YOUR INSTRUCTIONS:
Beginning with the line that has "Two people in" and ending with the line that has "DIVIDEND word text", retype the entries below exactly, except for the pictures.

INFORMATION SUPPLIED:
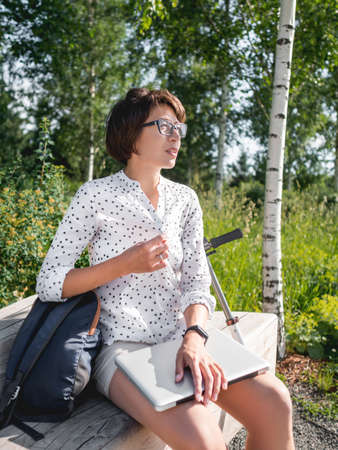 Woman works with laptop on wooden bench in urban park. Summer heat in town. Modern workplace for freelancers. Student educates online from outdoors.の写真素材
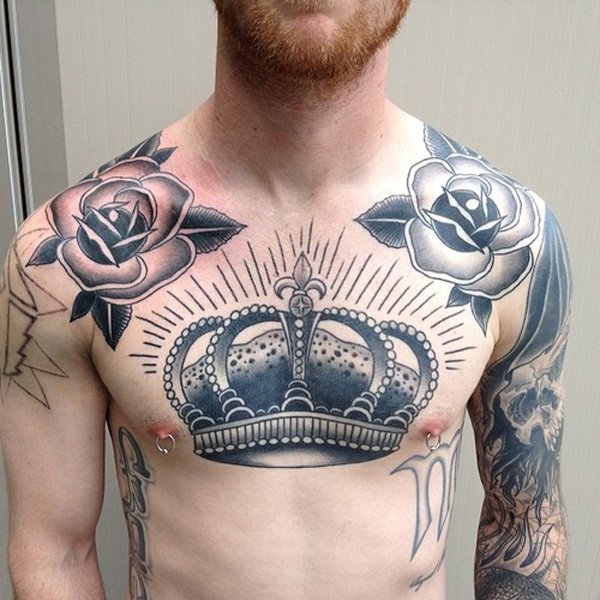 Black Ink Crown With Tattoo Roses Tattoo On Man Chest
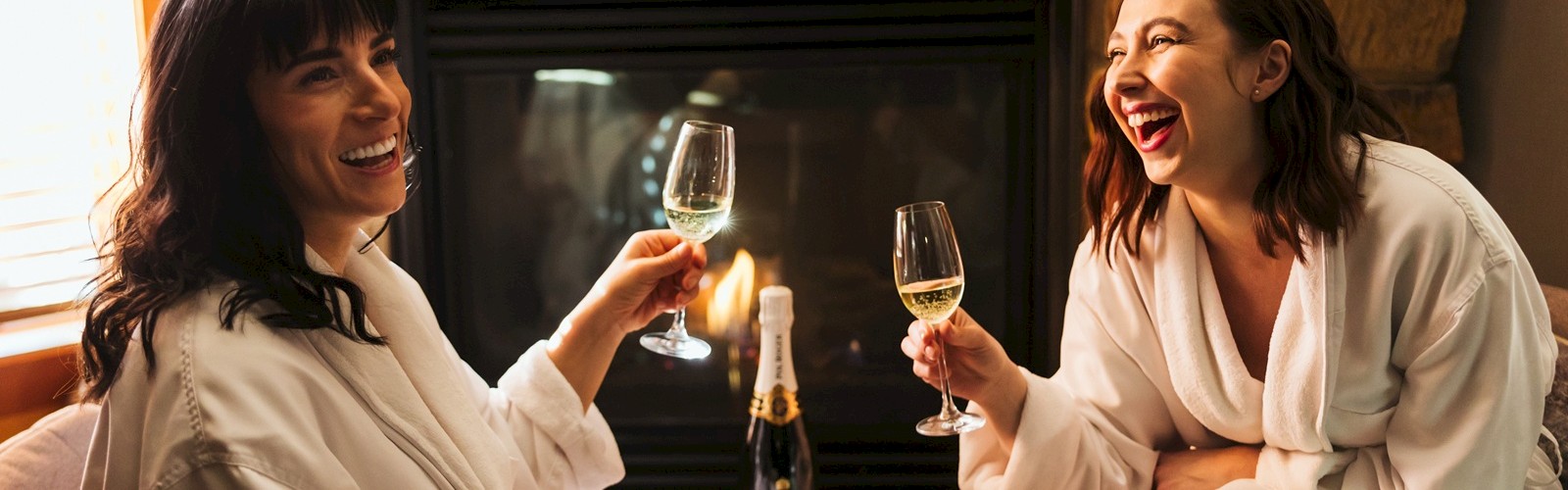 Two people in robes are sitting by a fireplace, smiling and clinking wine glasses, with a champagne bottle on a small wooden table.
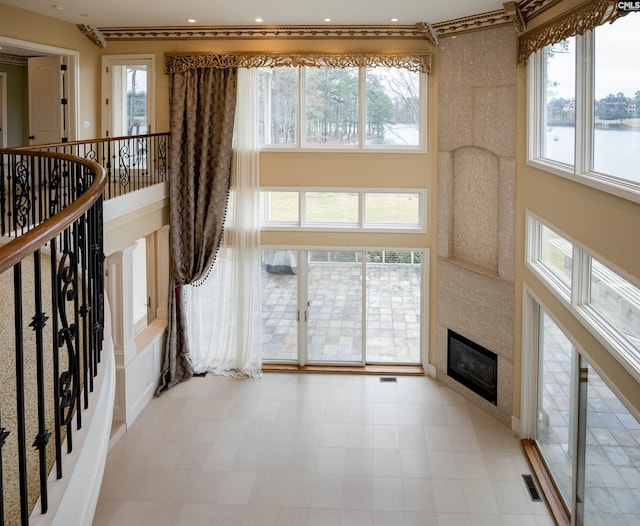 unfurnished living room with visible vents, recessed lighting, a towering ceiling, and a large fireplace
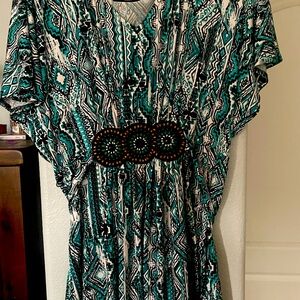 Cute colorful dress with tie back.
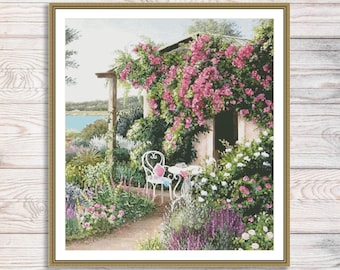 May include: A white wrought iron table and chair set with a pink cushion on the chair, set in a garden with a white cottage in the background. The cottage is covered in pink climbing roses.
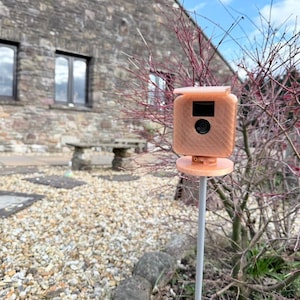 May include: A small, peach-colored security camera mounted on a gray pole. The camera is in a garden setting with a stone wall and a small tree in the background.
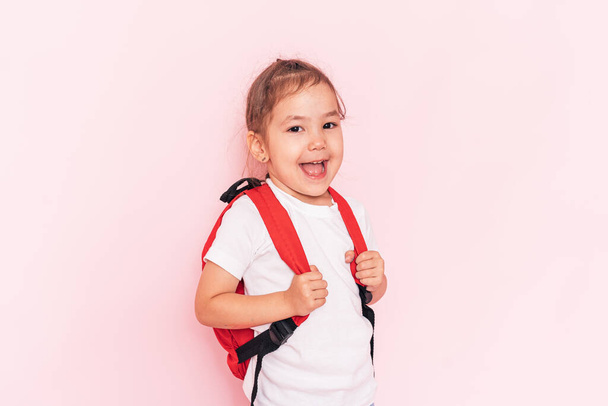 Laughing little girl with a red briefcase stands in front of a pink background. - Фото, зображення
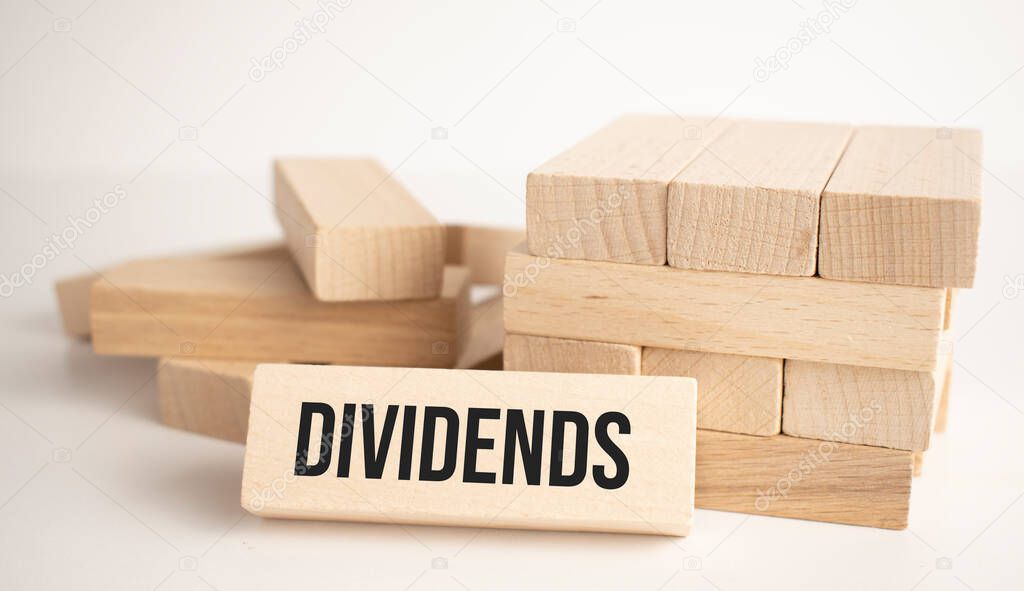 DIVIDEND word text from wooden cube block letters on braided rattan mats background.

* * *

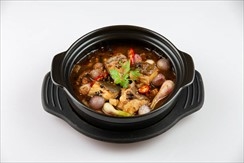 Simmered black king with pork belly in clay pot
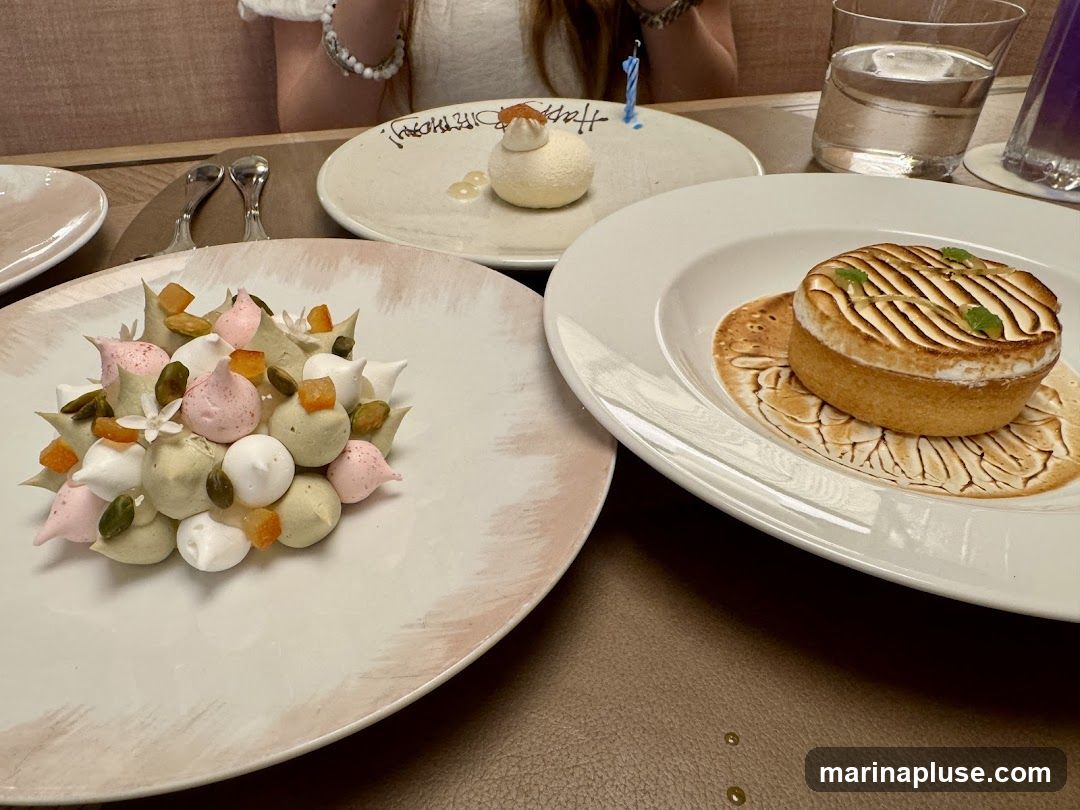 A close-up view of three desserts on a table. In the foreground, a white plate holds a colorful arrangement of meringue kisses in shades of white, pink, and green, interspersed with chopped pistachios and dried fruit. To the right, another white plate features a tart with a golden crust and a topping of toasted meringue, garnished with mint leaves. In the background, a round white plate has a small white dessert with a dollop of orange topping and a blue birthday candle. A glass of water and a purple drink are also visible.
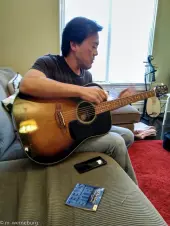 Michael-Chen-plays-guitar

* * *

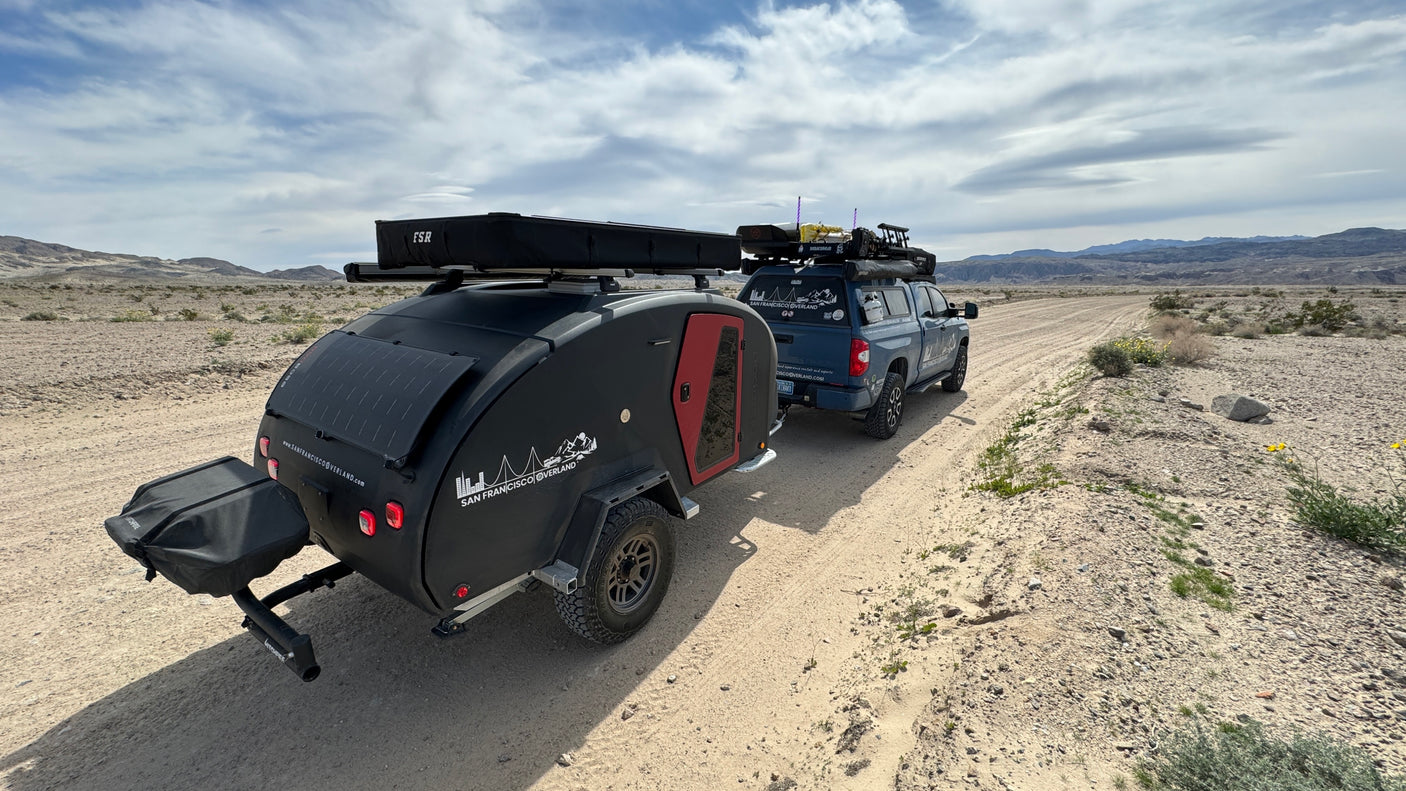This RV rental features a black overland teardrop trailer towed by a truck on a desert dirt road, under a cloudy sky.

RESPONSE AREA:
 Two people in robes are sitting by a fireplace, smiling and clinking wine glasses, with a champagne bottle on a small wooden table.
 unfurnished living room with visible vents, recessed lighting, a towering ceiling, and a large fireplace
 Cute colorful dress with tie back.
 May include: A white wrought iron table and chair set with a pink cushion on the chair, set in a garden with a white cottage in the background. The cottage is covered in pink climbing roses.
 May include: A small, peach-colored security camera mounted on a gray pole. The camera is in a garden setting with a stone wall and a small tree in the background.
 Laughing little girl with a red briefcase stands in front of a pink background. - Фото, зображення
 DIVIDEND word text from wooden cube block letters on braided rattan mats background.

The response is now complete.